Christian Lorentzen in Vulture:
In 1974, J.M. Coetzee applied to South Africa’s Ministry of the Interior to become an official state censor of literature. A few months later, he was informed that his application had been turned down. Coetzee had returned to South Africa in 1971 after a stint studying and teaching in America, unable to renew his visa after being arrested at a faculty protest at SUNY Buffalo against police presence on campus, a conviction later overturned. He joined the University of Cape Town as a professor, and in 1972 filed a report to his department head on books that were banned by the state but which he regarded as crucial to his research and teaching. The list of authors is long: William Faulkner, Richard Wright, Vladimir Nabokov, Norman Mailer, James Baldwin, Doris Lessing, Nadine Gordimer, Pablo Neruda, even Nikolai Gogol, among many others.“[You] may be interested to look over the following condensation of how our censors have impoverished our lives,” he wrote to his boss. What then was he up to a couple years later, already the author of the novel Dusklands, in trying to join the apparatus of repression?

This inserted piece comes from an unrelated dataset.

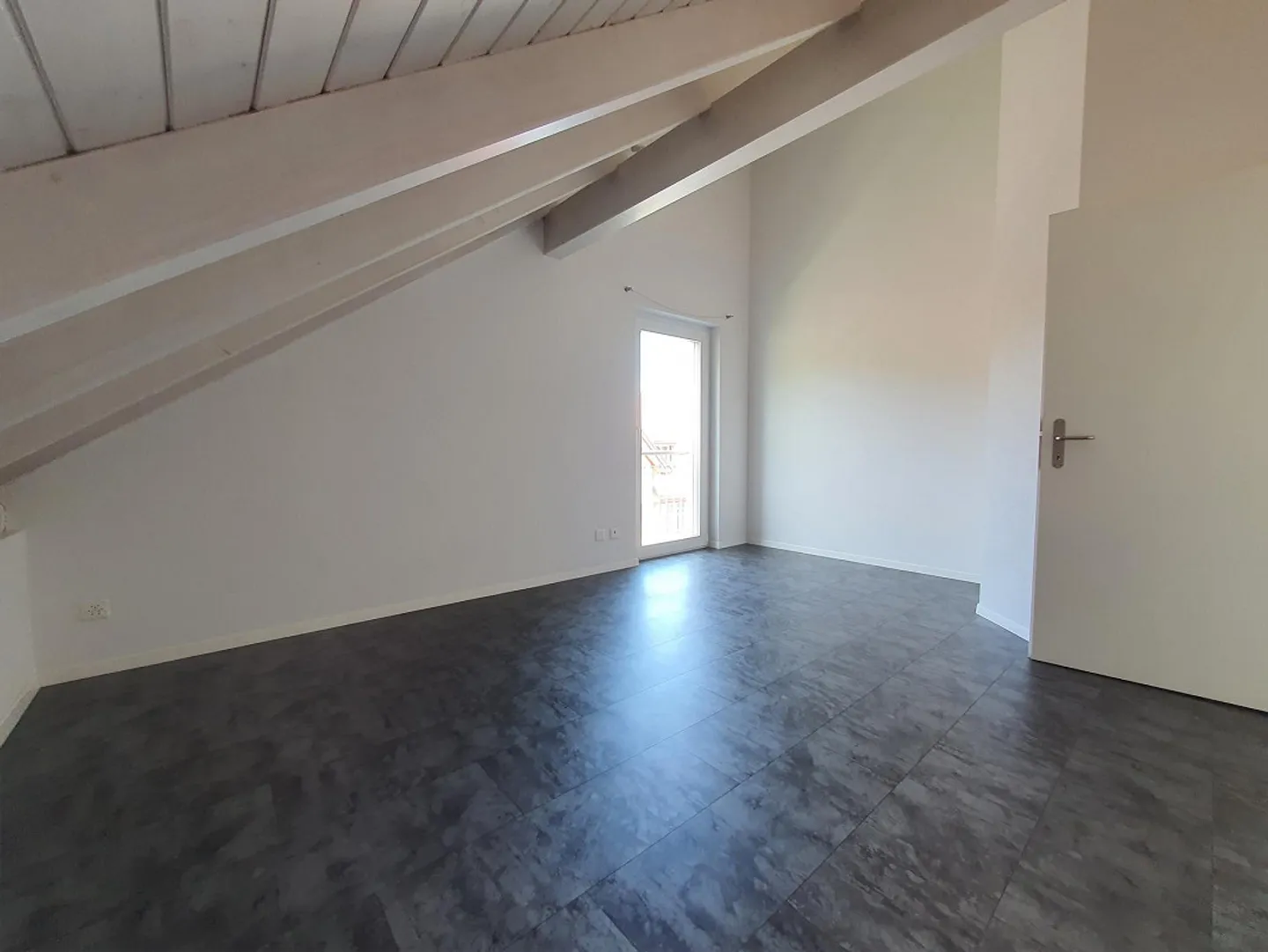 Appartement duplex moderne de 5 1/2 pièces au centre du village - Photo 4 sur 10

The South African scholar David Attwell tells this story in J.M. Coetzee and the Life of Writing: Face to Face With Time, an engrossing 2015 study of the author’s manuscripts, now held at the University of Texas at Austin. Attwell quotes Coetzee telling a friend that he was merely calling the authorities’ bluff. Coetzee had been working on a manuscript, later abandoned, narrated by a censor, and Attwell concludes that Coetzee’s “odd flirtation” with becoming a censor was a way of “arranging life to imitate art.” In the drafts, Attwell sees Coetzee pondering what sort of writer he wants to be. It’s a mental exercise that’s illuminating in its strange premises. “Fiction, being a serious affair,” Coetzee writes, “cannot accept pre-requisites like (1) a desire to write, (2) something to write about, (3) something to say. There must be a place for a fiction of apathy toward the task of writing, toward the subject, toward the means.”
It’s an astonishing idea — apathy as a source of, not an obstacle to, seriousness.